Data.
+ + +

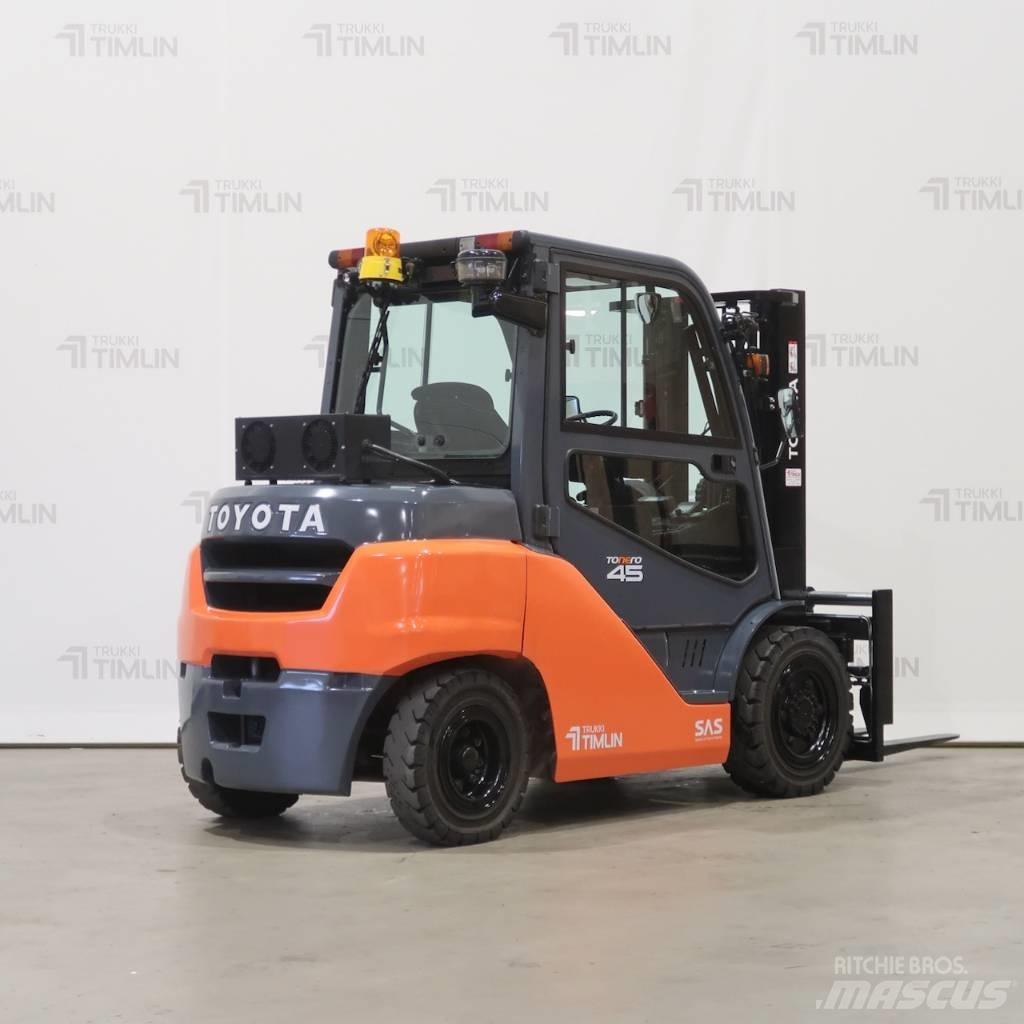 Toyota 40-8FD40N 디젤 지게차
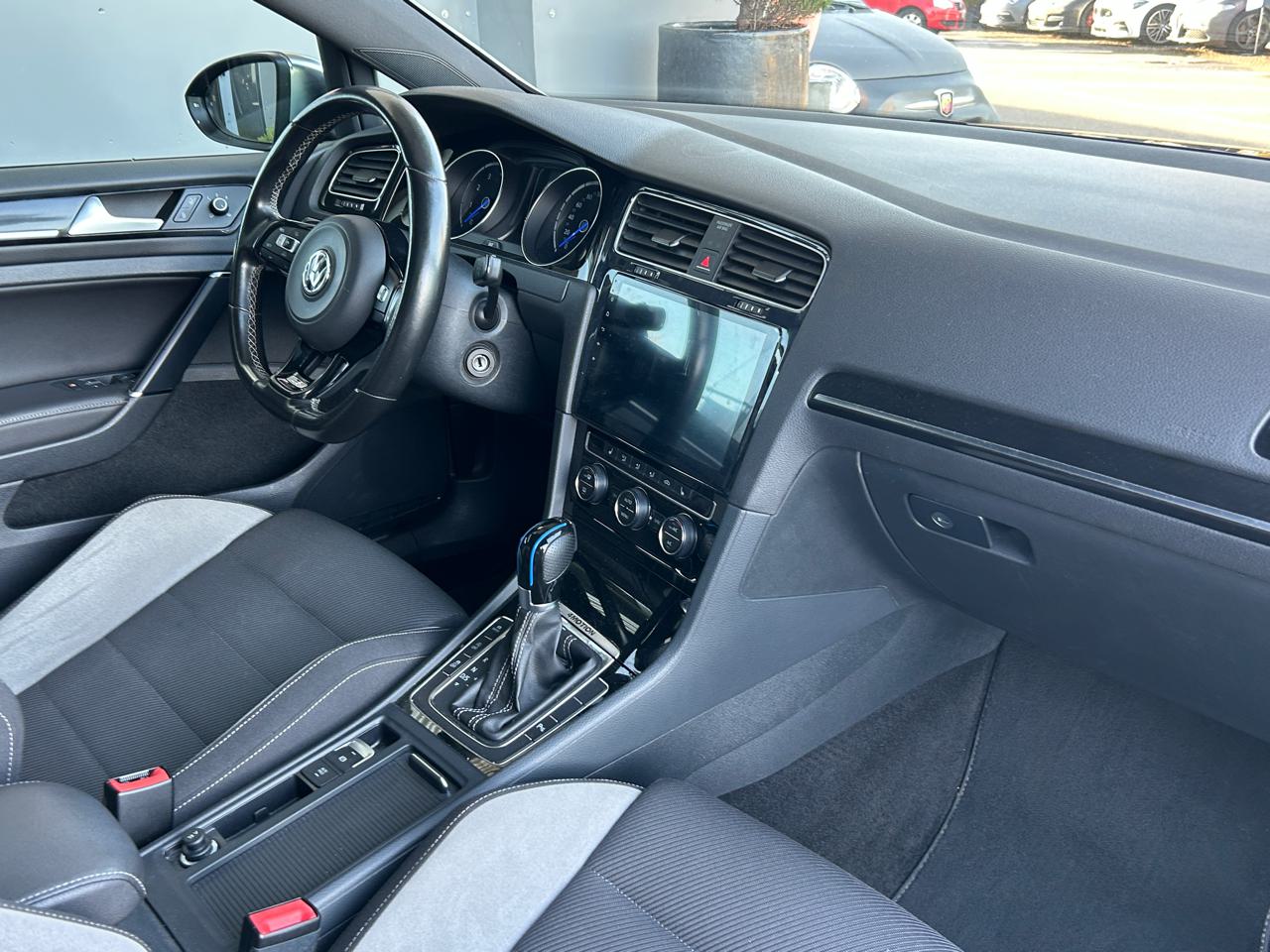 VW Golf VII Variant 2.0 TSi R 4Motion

+ + +

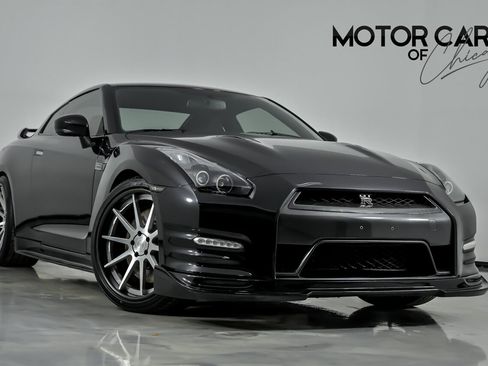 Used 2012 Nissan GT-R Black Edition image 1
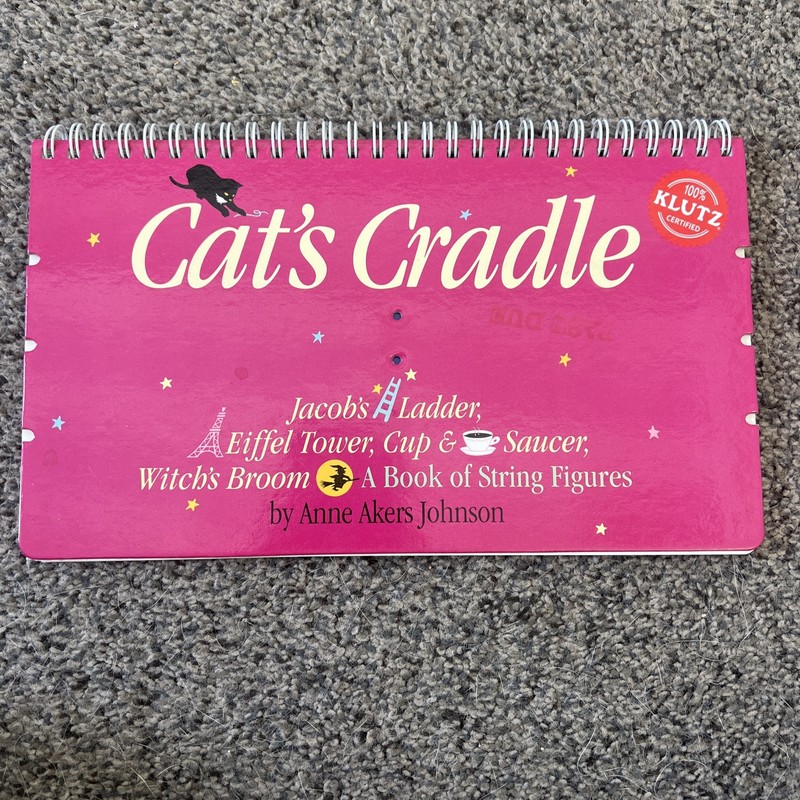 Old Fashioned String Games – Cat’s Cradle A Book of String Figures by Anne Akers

+ + +

What you will do. Would you print exactly the lines in the listing above, from the line bearing "Toyota 40-8FD40N 디젤 지게차" through the line bearing "VW Golf VII Variant 2.0 TSi R 4Motion", leaving out all pictures?

Solution for this problem.
 Toyota 40-8FD40N 디젤 지게차
 VW Golf VII Variant 2.0 TSi R 4Motion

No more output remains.